The D.C. elections board has selected a New Orleans election official to take over the city's problem-plagued election system, giving the board its first full-time executive director since Teddy Filosofos quit in frustration last October.
Emmett H. Fremaux Jr., who while serving as chief assistant to the clerk of the New Orleans criminal court supervised elections in that city for nine years, was described by board officials as having a diplomatic leadership style and the expertise needed to unsnarl the administrative problems that have led to repeated election-day snarls.

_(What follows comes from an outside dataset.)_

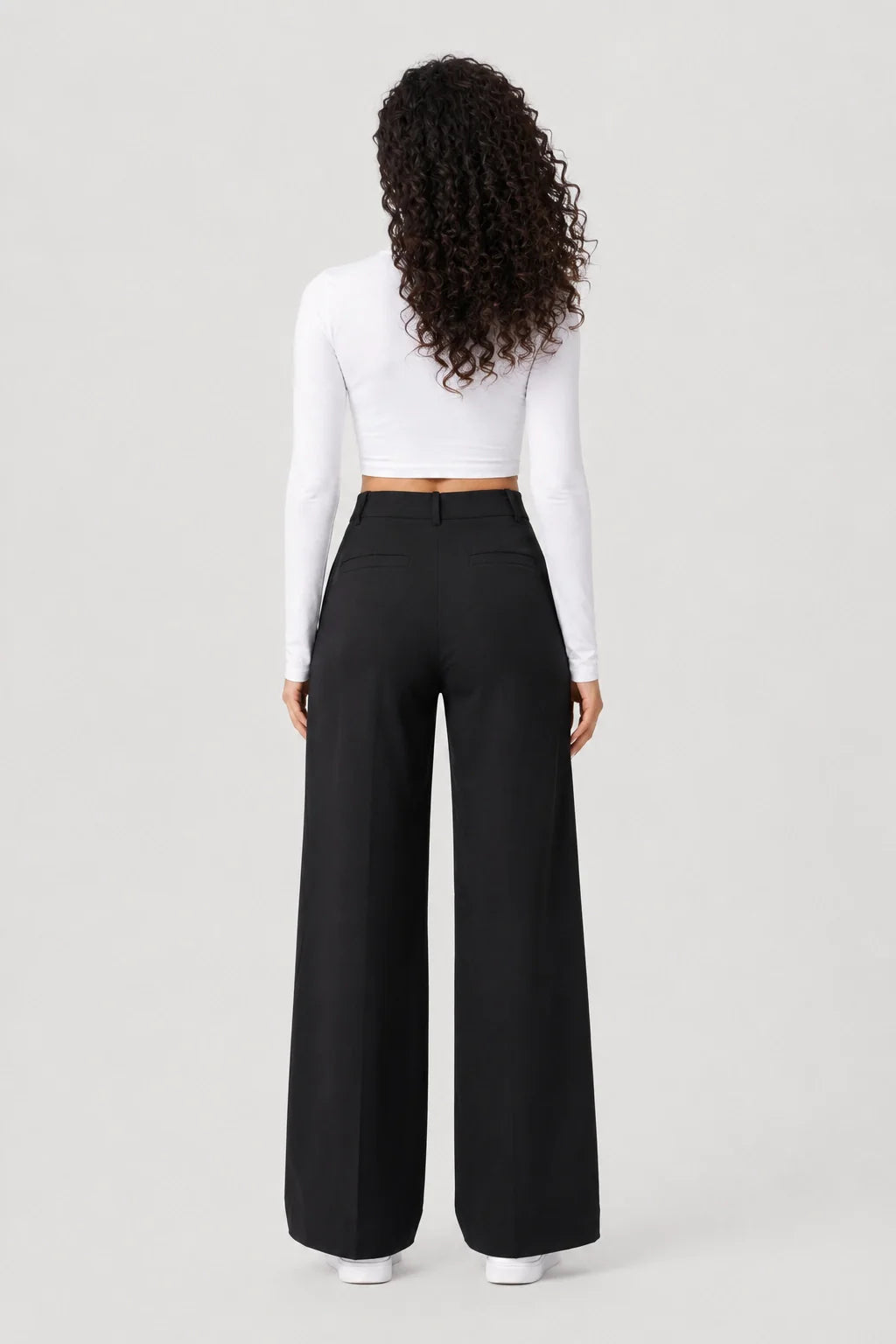 Studio Pants – Elegant Fluid Flared Trousers High Waist
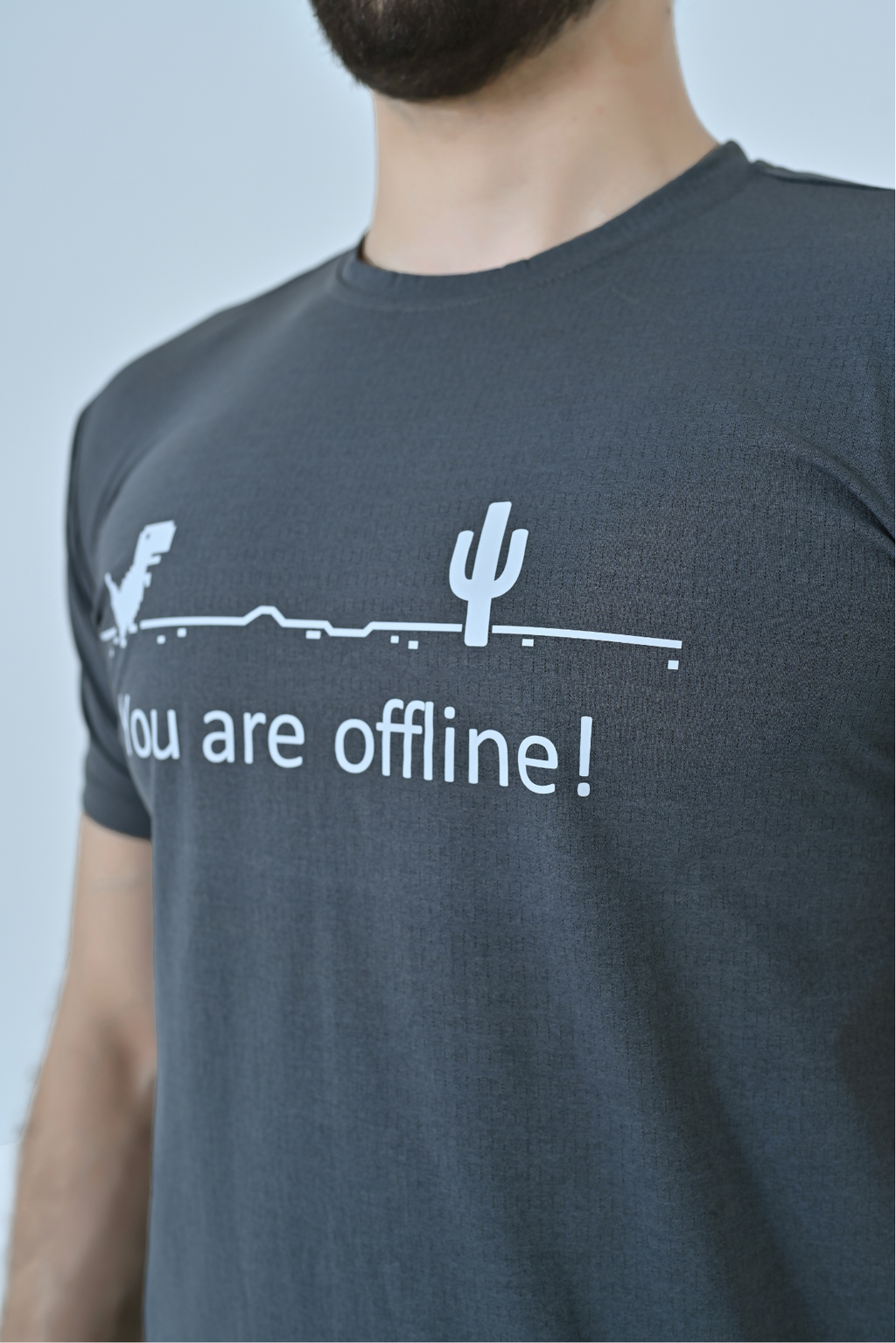 Offline Graphic T-Shirt - Charcoal Grey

"All indications are that Mr. Fremaux is someone skilled at running an operation such as we have here and has the personal style that will enable him to deal effectively with the District government," elections board chairman Edward W. Norton said yesterday in announcing Fremaux's selection.
When Filosofos came here from Buffalo in May of last year, he was described as a skilled and strong election administrator given a mandate to overhaul the system. He resigned four months later, complaining of political interference and an inadequately trained staff.
Fremaux, 36, said at a District Building news conference yesterday that he was struck with "considerable pause" when he realized the magnitude of the District's election problems, but welcomes the challenge.
"It's going to take considerable effort and some time to correct," he said, but, "I think it can be done." Fremaux officially takes over Sept. 6, two months before the Nov. 8 elections for six school board seats and an initiative to preserve historic Rhodes Tavern. He also will arrive in the midst of an extensive voter reregistration drive aimed at eliminating from the voter rolls possibly more than 100,000 names of people no longer eligible to vote here.
Norton said the reregistration drive, begun late last month with a mailout of about 220,000 reregistration forms, has so far yielded 85,000 undeliverable returns, which generally means they represent people who are no longer District residents, and 30,000 responses from people wishing to reregister.
Elections officials expect the city's voter rolls, which now include about 400,000 names, to drop to between 220,000 and 250,000 names when the reregistration is completed. Persons who voted last year or registered since then do not have to reregister and were not sent the forms.
Norton said Fremaux emerged as the top candidate for the $56,301-a-year executive director's post after the three-member board conducted a nationwide search that culminated in interviews with 10 candidates, including four District residents. Although knowledge of the city was considered important by the board, Norton said, Fremaux's administrative skills overshadowed his being an outsider.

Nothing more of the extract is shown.